_What this task involves_
Make an exact copy of the records, with the pictures left out.

_Source information_

____

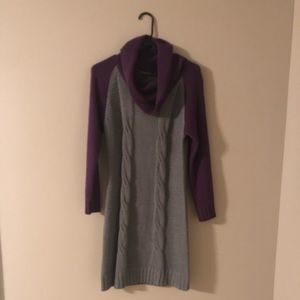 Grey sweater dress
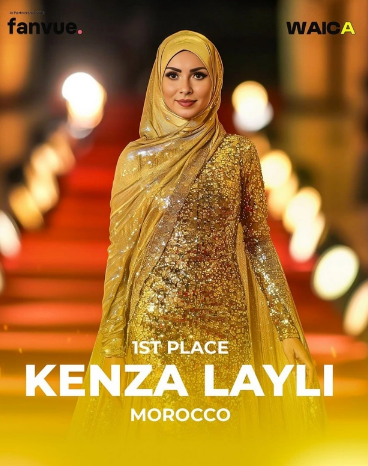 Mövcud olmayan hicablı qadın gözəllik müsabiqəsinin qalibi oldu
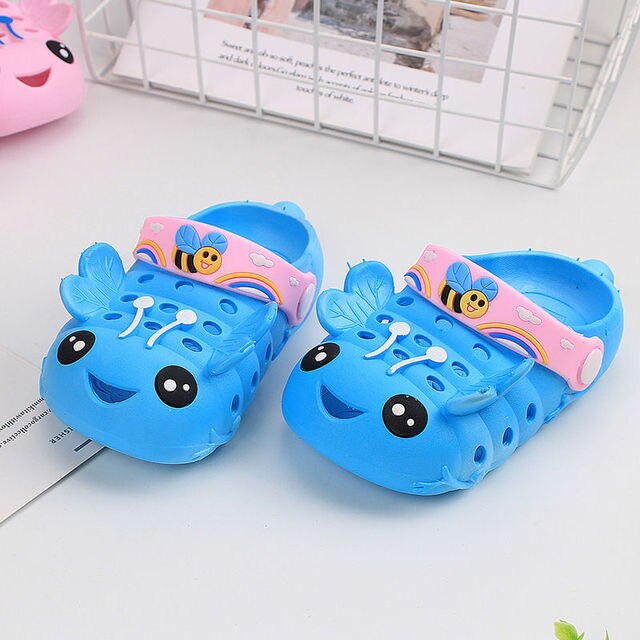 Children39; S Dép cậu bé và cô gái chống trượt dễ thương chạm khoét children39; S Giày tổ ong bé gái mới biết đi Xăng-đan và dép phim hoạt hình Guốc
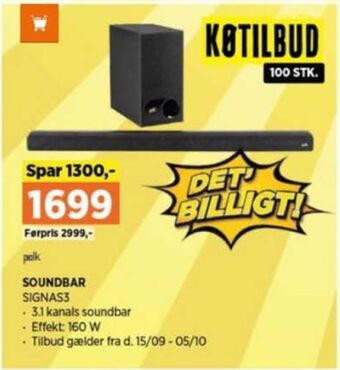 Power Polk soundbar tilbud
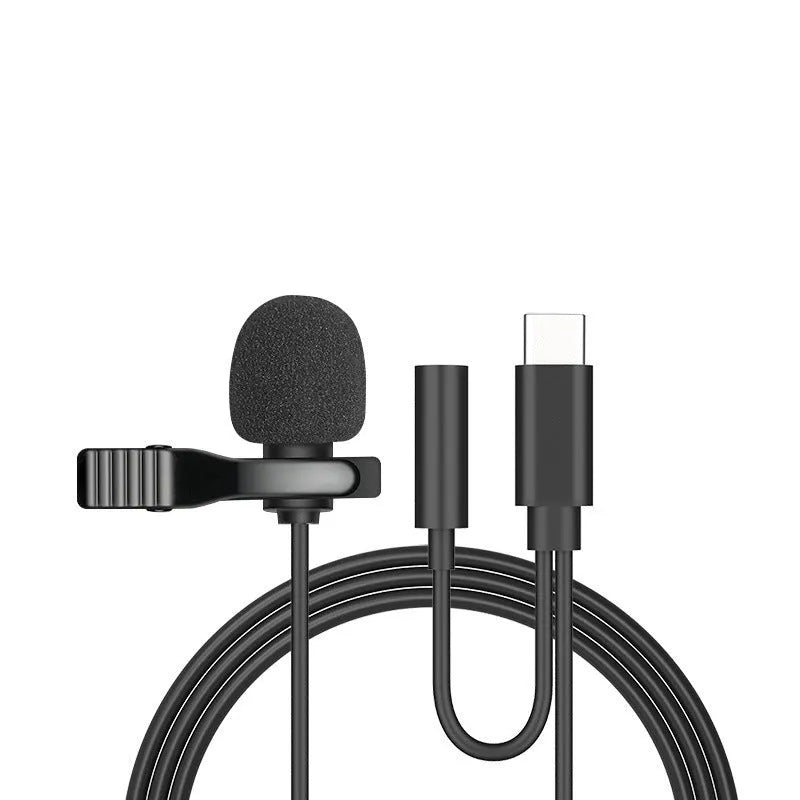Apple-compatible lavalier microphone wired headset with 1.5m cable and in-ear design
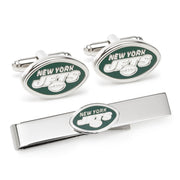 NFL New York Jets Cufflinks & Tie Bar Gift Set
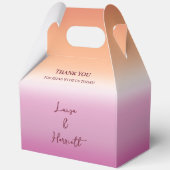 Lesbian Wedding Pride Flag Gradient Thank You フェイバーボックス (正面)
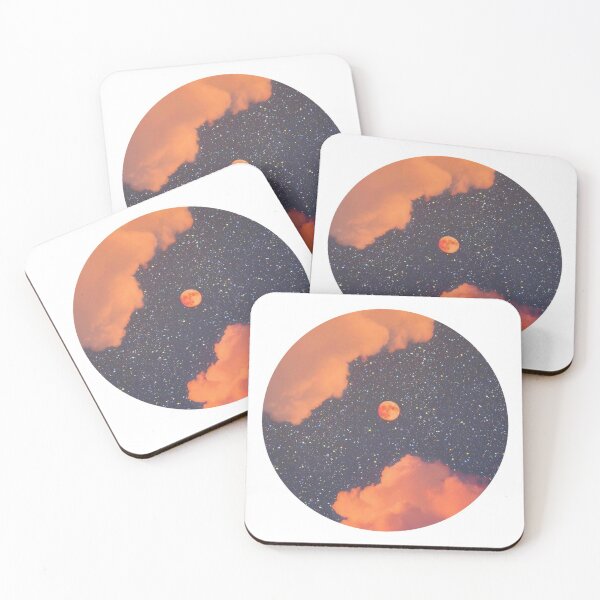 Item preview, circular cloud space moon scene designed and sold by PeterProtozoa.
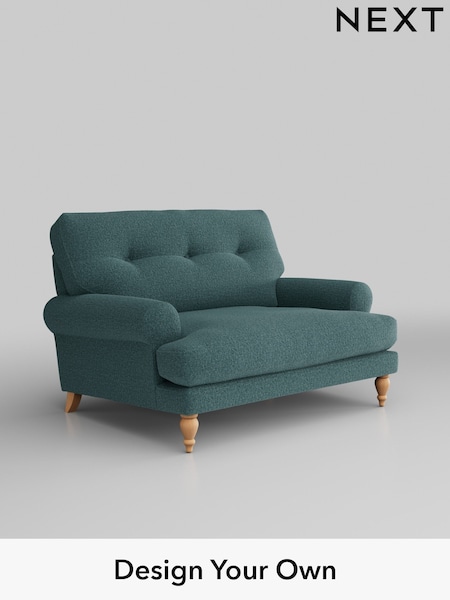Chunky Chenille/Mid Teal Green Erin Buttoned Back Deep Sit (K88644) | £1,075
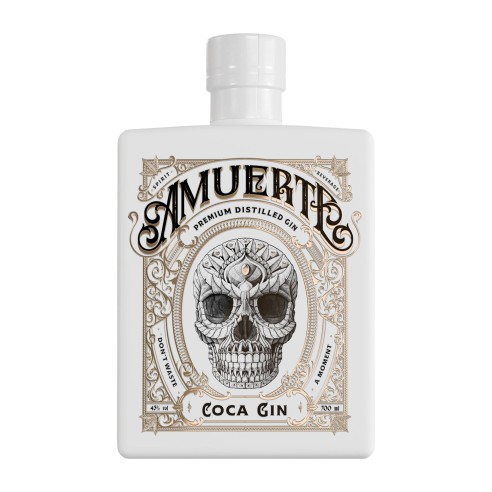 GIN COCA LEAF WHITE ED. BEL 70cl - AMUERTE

____

_Answer section_
 Grey sweater dress
 Mövcud olmayan hicablı qadın gözəllik müsabiqəsinin qalibi oldu
 Children39; S Dép cậu bé và cô gái chống trượt dễ thương chạm khoét children39; S Giày tổ ong bé gái mới biết đi Xăng-đan và dép phim hoạt hình Guốc
 Power Polk soundbar tilbud
Apple-compatible lavalier microphone wired headset with 1.5m cable and in-ear design
 NFL New York Jets Cufflinks & Tie Bar Gift Set
 Lesbian Wedding Pride Flag Gradient Thank You フェイバーボックス (正面)
 Item preview, circular cloud space moon scene designed and sold by PeterProtozoa.
Chunky Chenille/Mid Teal Green Erin Buttoned Back Deep Sit (K88644) | £1,075
 GIN COCA LEAF WHITE ED. BEL 70cl - AMUERTE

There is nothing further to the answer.